Es imposible pedirle el Santo Grial a un niño y esperar que lo encuentre dónde todos aquellos valientes caballeros fallaron al buscarlo. Sea por fuego, por sombras o por el brillo de la luna, las revelaciones que dan cabida a la realización de insignificancia son cada vez más efímeras y fortuitas en esta generación. ¿A quién culpar, entonces, de nuestro precipitar a la nada? ¿A quién cobraremos la factura de nuestra embriagante y oscura noche en el bar de los reflejos huecos? ¿Acaso nuestra naturaleza histórica dicta este árido destino? Puede que todo lo anterior sean solo señales saludables del ocaso de una consciencia que solamente se ha asumido como colectiva en el curso hacia la objetivación de la voluntad de vivir.
Esa voluntad, ese manifiesto de existencia; es la esperanza de un móvil redentor de nuestra vanidosa humanidad. No podemos todos renunciar al mismo tiempo, pues él también se nos presenta como un demonio con rostro de mujer; pero si vale la pena ir repensando la vida como totalidad y no como antecedente a una grandielocuente eternidad fundida en nuestros deseos más superficiales. El cielo es aún más irreal que nuestra racionalidad.

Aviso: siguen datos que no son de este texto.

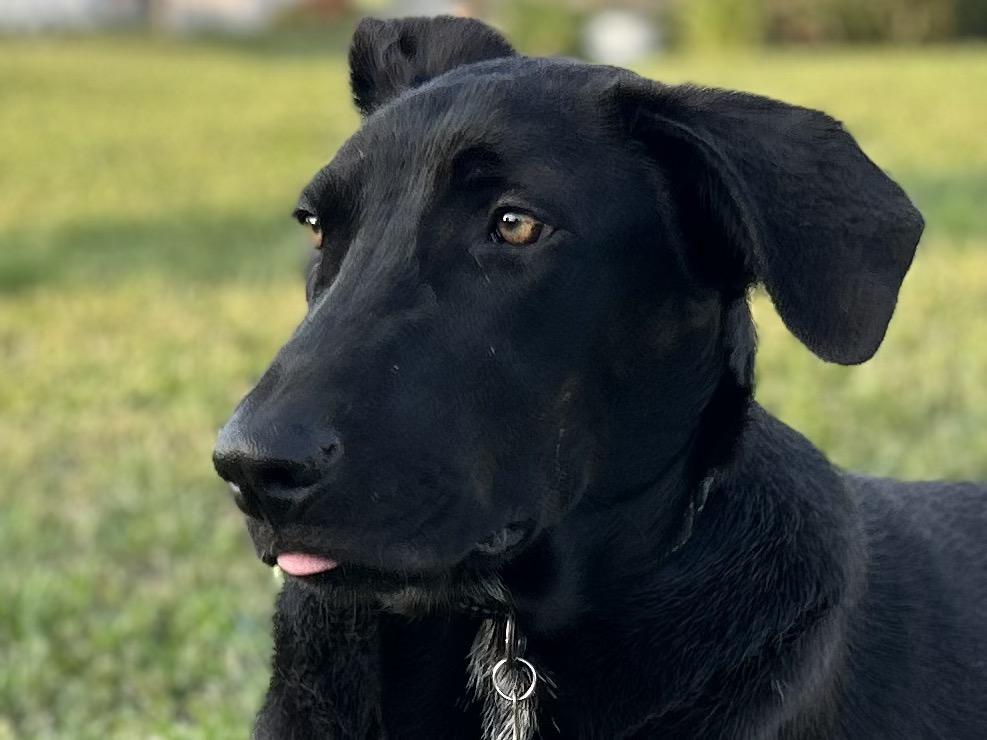 Howie, a Adoptable mixed breed in Warrington, PA image 2/5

Hace falta recuperar el sentido de urgencia. No aquel que nos tiene atados a las manecillas de un artefacto impreciso; sino esa urgencia de librarnos de la desesperación del vacío de una existencia insignificante. Y no porque lo anterior sea posible; sino porque es solo mediante el desesperar profundo que pueden surgir cosas interesantes en el campo de nuestra interpretación existencial.
Es ahí donde roza lo lógico, lo místico y lo divino. Es la interpolación entre el cuestionar congruente y la epifanía del sentir individual que retomamos la conexión con aquel abismo de absurdidad que muchos antes que yo han descrito con mayor claridad. Precisamente ahí, en las profundidades de nuestro ser, en los sofocantes bosques de nuestro interior, en aquellas cavernas oscuras, húmedas y peligrosas de nuestro limitado pensar consciente; ahí donde habitan los monstruos de nuestra irracionalidad, de nuestros miedos y nuestras pasiones animales; ahí dónde se escuchan con claridad el eco de lo fantasmas y la voz seductora de la muerte; ahí en esos escondrijos a los que se tiene que ir solo por miedo a despertar a los esqueletos de memorias aterradoras y vergonzosas; ahí, en la más densa oscuridad, es dónde se encuentra el sentir colectivo y la inmanencia propia; aquella que no niega la falta de sentido en el Universo; pero que entiende la vida como un manifiesto de intención, una voluntad fuertísima, vólatil y bella de hacer vida, hacer existencia y ejercer la lucidez que ya solo se observa en los cometas que se auto-destruyen en su desfilar por la galaxia.